Shutting down the U.S. Department of Education, as the president-elect has threatened to do, would require congressional approval, and eliminating a Cabinet-level agency would be difficult to achieve even for some Republican lawmakers. Their responsibilities could be returned to the Department of the Interior (where they originated before the Department of Education was created in 1979), but what would be the point? Laws requiring equal treatment of girls and women in education would still have to be enforced; college financial aid applications would still need to be processed; Pell grants and student loans would still need to be monitored. No matter where the necessary personnel are located, the work will have to be done.

Even as Trump promises to get the federal government out of schools (although in reality, now that the No Child Left Behind Act is dead and the Department of Education does little to interfere with public education), he wants to meddle further by defunding any school that teaches about LGBTQ+ issues or “critical race theory.” While these topics make provocative conversation topics, they are not an important part of learning in most districts. These are decisions that need to be made at the state and local level, and voters who don't like what their school board decides can oust its members in the next election. They very rarely do it.

Another pillar of Trump's platform, school choice, appears to face public resistance. All three state votes on the issue this fall were against the election, two of them in conservative states. Nebraska voters overturned an earlier state decision to spend taxpayer money to allow parents to send their children to private schools. Parents depend on and support their local schools more than elected Republicans could understand.

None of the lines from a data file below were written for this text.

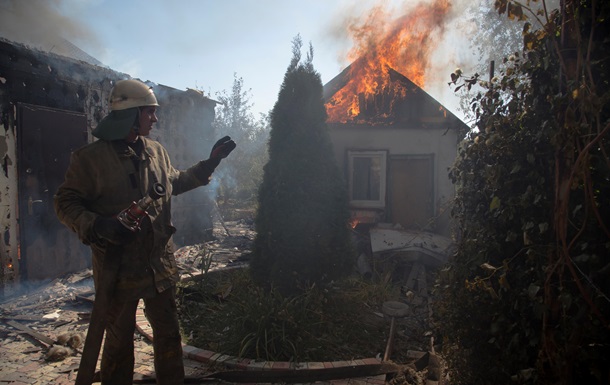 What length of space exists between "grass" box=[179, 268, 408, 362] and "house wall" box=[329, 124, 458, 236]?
4725 millimetres

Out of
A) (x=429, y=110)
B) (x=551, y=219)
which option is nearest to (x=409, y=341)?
(x=551, y=219)

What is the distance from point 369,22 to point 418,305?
7.23 meters

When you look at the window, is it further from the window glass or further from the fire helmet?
the fire helmet

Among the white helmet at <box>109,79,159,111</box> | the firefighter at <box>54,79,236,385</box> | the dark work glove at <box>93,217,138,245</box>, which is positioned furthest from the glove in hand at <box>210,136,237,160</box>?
the dark work glove at <box>93,217,138,245</box>

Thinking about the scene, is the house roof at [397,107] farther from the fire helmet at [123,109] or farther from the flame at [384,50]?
the fire helmet at [123,109]

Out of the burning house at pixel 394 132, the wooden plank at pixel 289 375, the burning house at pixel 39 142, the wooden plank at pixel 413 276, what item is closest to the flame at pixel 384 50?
the burning house at pixel 394 132

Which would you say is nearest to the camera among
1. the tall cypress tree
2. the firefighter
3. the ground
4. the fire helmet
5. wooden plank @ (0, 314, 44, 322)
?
the firefighter

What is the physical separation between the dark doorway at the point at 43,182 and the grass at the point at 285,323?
11.3 feet

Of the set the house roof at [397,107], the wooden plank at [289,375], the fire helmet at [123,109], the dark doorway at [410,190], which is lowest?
the wooden plank at [289,375]

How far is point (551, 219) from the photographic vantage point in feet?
7.26

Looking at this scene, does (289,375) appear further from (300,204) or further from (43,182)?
(43,182)

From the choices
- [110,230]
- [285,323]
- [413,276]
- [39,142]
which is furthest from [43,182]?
[413,276]

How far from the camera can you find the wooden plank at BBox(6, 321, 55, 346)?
4.82 m

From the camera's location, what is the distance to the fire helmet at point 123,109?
117 inches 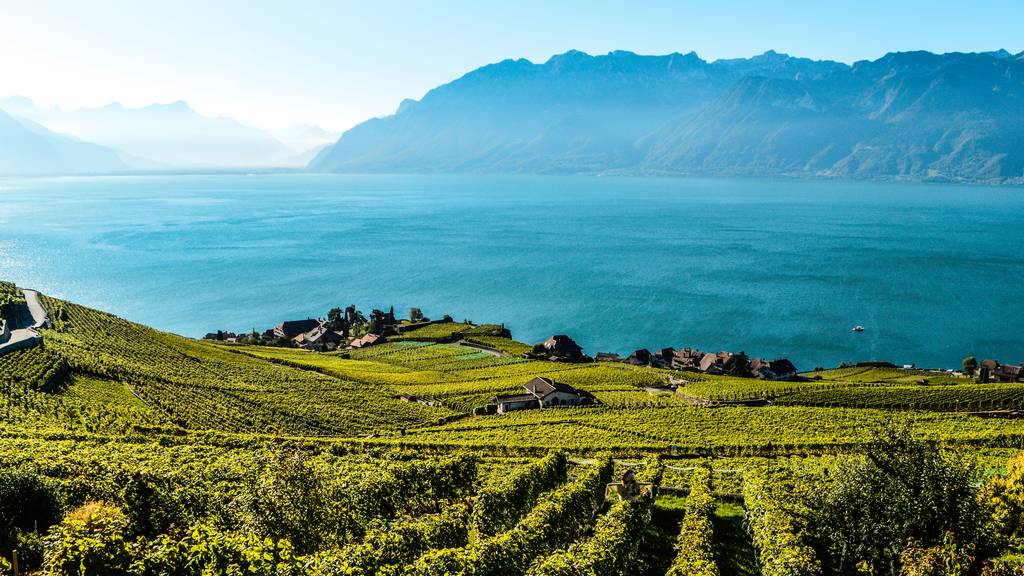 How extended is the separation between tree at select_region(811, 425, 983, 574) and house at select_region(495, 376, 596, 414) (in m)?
41.6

Trump tends to favor disruption over constructive policymaking, but he has already made non-university pathways a signature educational statement, and the idea has become popular among both parties. Now is the perfect time to take advantage of that. His administration could use corporate tax credits and public-private partnerships to help create apprenticeships, placing young people in blue-collar jobs with a future, as Switzerland has done for years. Instead of deconstructing education, your education managers could reconstruct it through more relevant and exciting curricula with practical applications.

The president-elect's pick for Secretary of Education, former professional wrestling executive Linda McMahon, has so far remained silent about her priorities, although vouchers are likely among them. But just before his appointment was announced, he praised the Swiss system of management apprenticeships for high school students, which lead to executive and professional positions. I have long thought that the United States should emulate the model; a small but very successful program in Denver does it.

Both Presidents George W. Bush and Obama saw education as an important part of their administrations, but stumbled on the issue due to sometimes harsh and unrealistic policies. Ultimately, No Child Left Behind and Race to the Top did little to improve learning, excite students, or close achievement gaps. Trump has a chance to build on what he's already said he believes in and become a true education president.